Manter apenas o nome social é algo mais barato e simples, mas, para a presidente da Antra, ainda é preciso sensibilicar a sociedade e os profissionais que atuam com a população para respeitar a forma como a pessoa quer ser chamada e não como está no documento.
"A sociedade ainda não absorveu o respeito que precisa ter com o outro. Nenhuma pessoa trans evitar dar os documentos nos lugares que são requisitados. Elas apenas reivindicam o respeito ao nome social", completa Keila.
Experiência própria
Thiessa Woinbackk é uma mulher trans que viveu todo o processo de encontrar um novo nome. Em entrevista ao iGay , ela conta que não chegou a Thiessa de primeira. Na verdade, ela até mesmo chegou a ser Beatriz por um tempo. Hoje, com o nome que realmente representa quem ela é, se tornou YouTuber e inspiração para milhares de seguidores. Confira a conversa que tivemos com a jovem:
iGay: Quando você passou a sentir necessidade de um novo nome? Quando descobriu que poderia ter um e passou a pensar nele?
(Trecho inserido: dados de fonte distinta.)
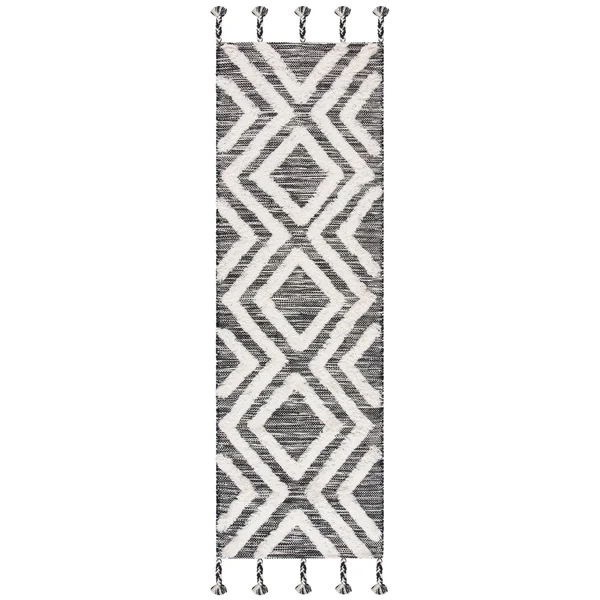 Safavieh Kenya Rug Collection KNY331Z - Black, Ivory - 4& x 6&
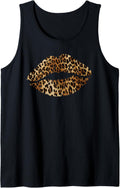 Leopard Lips Trendy Kiss Mouth Women Cheetah Animal Print Tank Top Tank Top Streetwear Style Best Seller Look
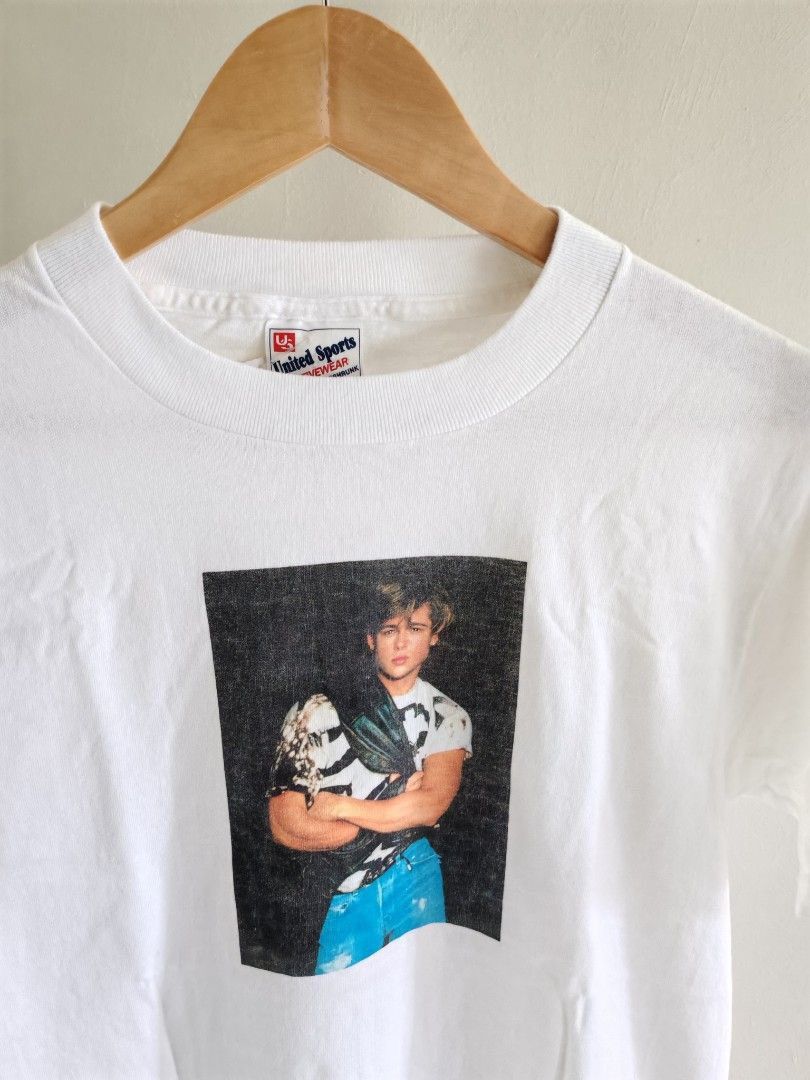 Designer Vintage Brad Pitt Photo Tee - United Sports Tag - Size S Size US S / EU 44-46 / 1 - 3 Thumbnail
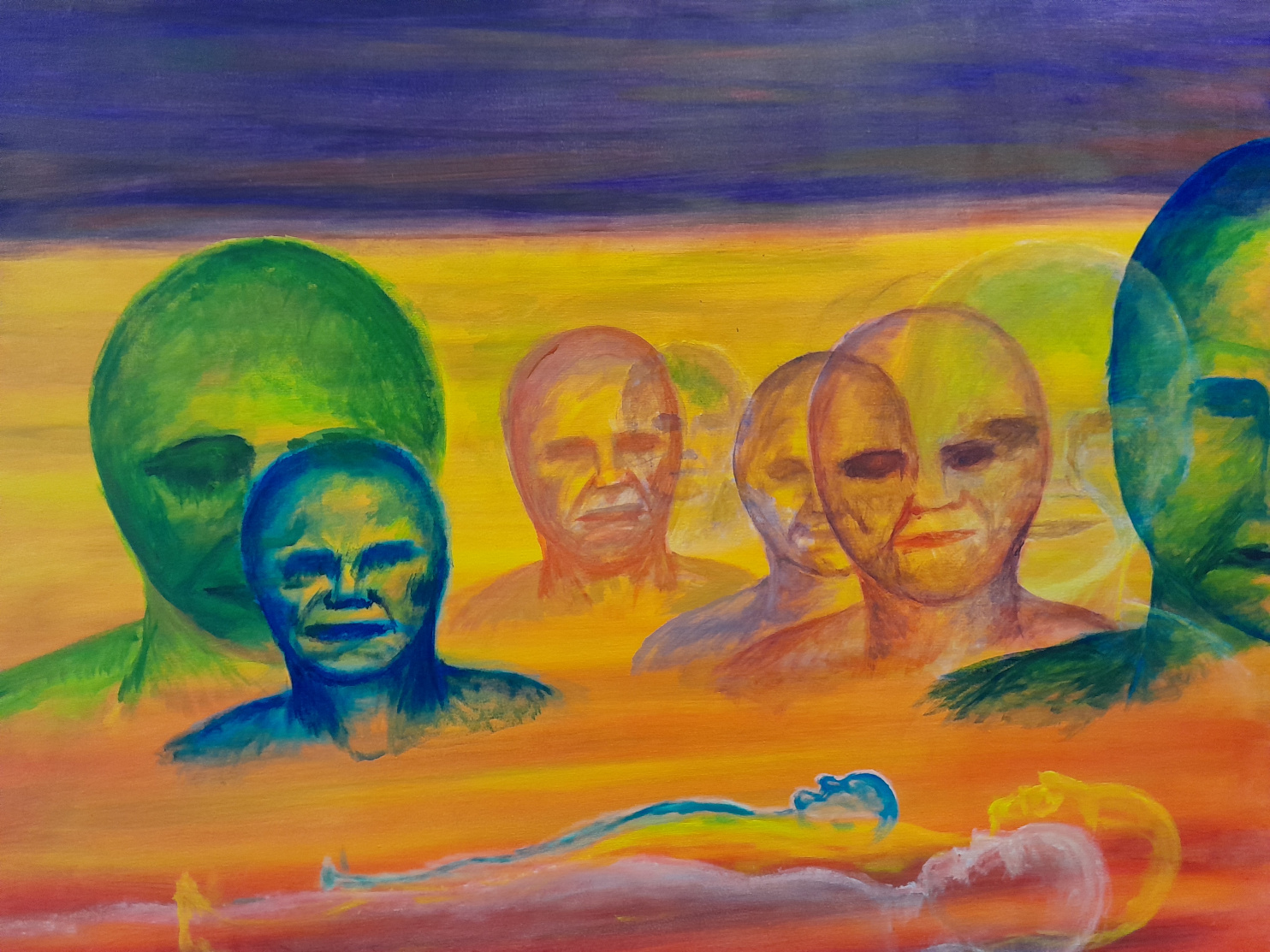 Self-portrait as Gemini Ghost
Thiessa Woinbackk: O nome social veio antes do fato de eu me entender [como mulher], sabe? Porque eu sempre tive uma fisionomia muito "feminina", mesmo antes da minha transição. Em qualquer lugar que eu fosse e alguém perguntasse o meu nome e eu não dissesse algum nome feminino respectivamente, gerava estranheza nas pessoas. Então, desde essa época, comecei a usar vários nomes ditos femininos. Mas quando eu me entendi de fato como a mulher que sou, foi incrível.
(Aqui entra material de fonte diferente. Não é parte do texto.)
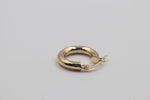 9ct Gold Round Hoops 3mm tube
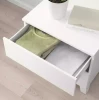 Комод с 2 ящиками  - аналог IKEA OPPHUS ОПХУС, 60x53 см, белый (изображение №3)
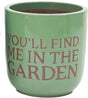 Woodlodge 38cm Green 'In the Garden' Emma Pot - YEMGNGR38 - Old Railway Line Garden Centre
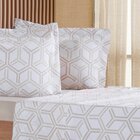 Jogo De Cama Casal 4 Pçs 200 Fios 100% Algodão 140x190x35cm R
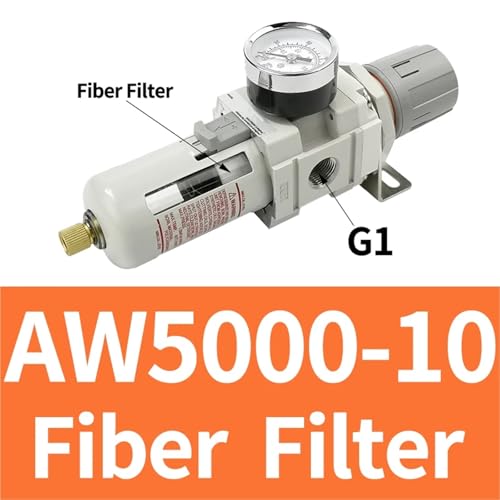 AW5000-06 AW5000-10 AW4000-04 AW4000-06 Luft-Öl-Wasser-Seperator-Controller Pneumatischer Druckregler Kompressorfilter(AW5000-10 Fible) von NIWPPKIMX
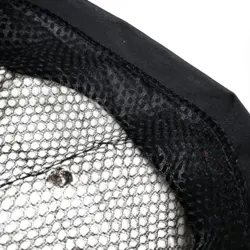 کلاه آشپزی قایقی مشکی نارنجی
iGay: Como foi o seu processo até chegar a Thiessa? Teve ajuda de outras pessoas?
Thiessa Woinbackk: Eu fui crescendo e percebendo que nunca fui um homem, sabe? Em 2010, tudo começou a mudar. Foi quando comecei a me permitir viver e ser feliz. Comecei a usar as coisas que, de fato, queria usar, a ir para outra cidade - uma cidade vizinha - para ir nas baladas porque lá ninguém me conhecia e eu podia ser quem eu quisesse. Na época, eu me chamava Beatriz.
E fui vivendo tudo aquilo que eu de fato era. Em 2010 mesmo, eu conheci o nome Thiessa e me apaixonei. Me representou tanto que a sensação é que eu nunca sabia o meu nome até aquele momento. Desde então, eu fui uma pessoa de verdade. Um sujeito pensante e que tem consciência de si. Eu sempre brinco na minha psicóloga que eu existo depois de 2010, parece que antes foi tudo um robô que viveu por mim, sabe? Você se sentir livre como é não tem preço.
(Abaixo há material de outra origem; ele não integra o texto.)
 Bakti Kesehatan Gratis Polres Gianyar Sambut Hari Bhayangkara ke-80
iGay: Qual a importância do nome social para você? Você chegou a passar algum tipo de constrangimento com o nome civil e gostaria de falar sobre isso?
Thiessa Woinbackk: Acho fundamental. Meus documentos ainda estão na Justiça, e nada deles liberarem, estou aguardando. Mas toda vez que preciso ir em balada, aeroporto, hospital, lugares em que precisa ser mostrado documento, é péssimo, porque sempre acham que eu estou mentindo, que estou fingindo ser outra pessoa ou não entendem. E aí vira aquele constrangimento porque, se tem fila, está todo mundo olhando. É péssimo porque a sensação é que vale muito mais o que tá em um papel do que o que você se sente de fato, sabe? Parece que deslegitimiza a pessoa que sou.
iGay: Qual a dica que você dá para quem está escolhendo o nome social?
Thiessa Woinbackk: Escolha aquele que seu coração vai bater mais forte quando ler ou ouvir e que tenha a ver com você. Comigo foi assim na hora de escolher o nome social. Seja quem você é, independentemente do que digam. Você não é esse monstro que pintam por aí, você não é o erro da sociedade. Errado não é você não se sentir pertencente ao corpo que nasceu, errado é o preconceito, o ódio e a maldade.